もう一方では、将来社会像の形成・一致がないとして、現在の「攻め」の運動の展開の中で、将来社会像の形成・一致を図ることです。それは、当面の「攻め」の運動の目標が達成されるあるいはされないの如何を問わず、そこに留まらず、その運動の中で将来社会像を模索する、また将来社会像につながるために、運動の水準の引き上げを行うことです。
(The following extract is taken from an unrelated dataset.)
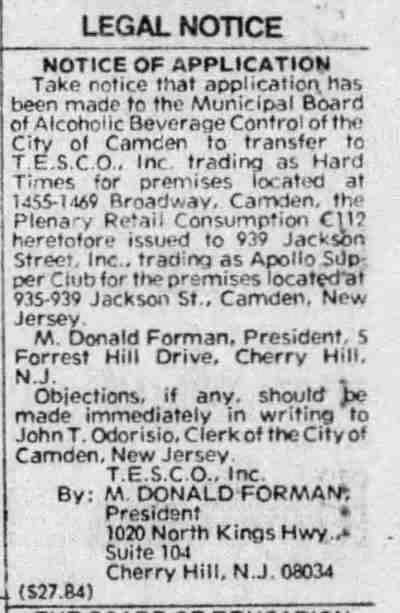 1976 Courier-Post legal notice transferring Apollo Supper Club license to 1455-1469 Broadway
もう一つ提起したいのは、既に述べた日本の戦後民主主義運動の負の遺産の総括・反省を行うことです。これを欠いても「攻め」の運動が全く出来ないという訳ではない、とは思います。しかし、その運動の強靱性や信頼性を得られない、従って大きな成功を収められないのではないか、と思います。何故なら、負の過去を克服しない運動は、再び同じ轍を踏む可能性が高いからです。勿論、総括・反省が出来てから「攻め」の運動に取り組むといった、順序をたどる必要はありませんが、「攻め」の運動の中で、常にそのことが意識され、少しでも前進させるべきです。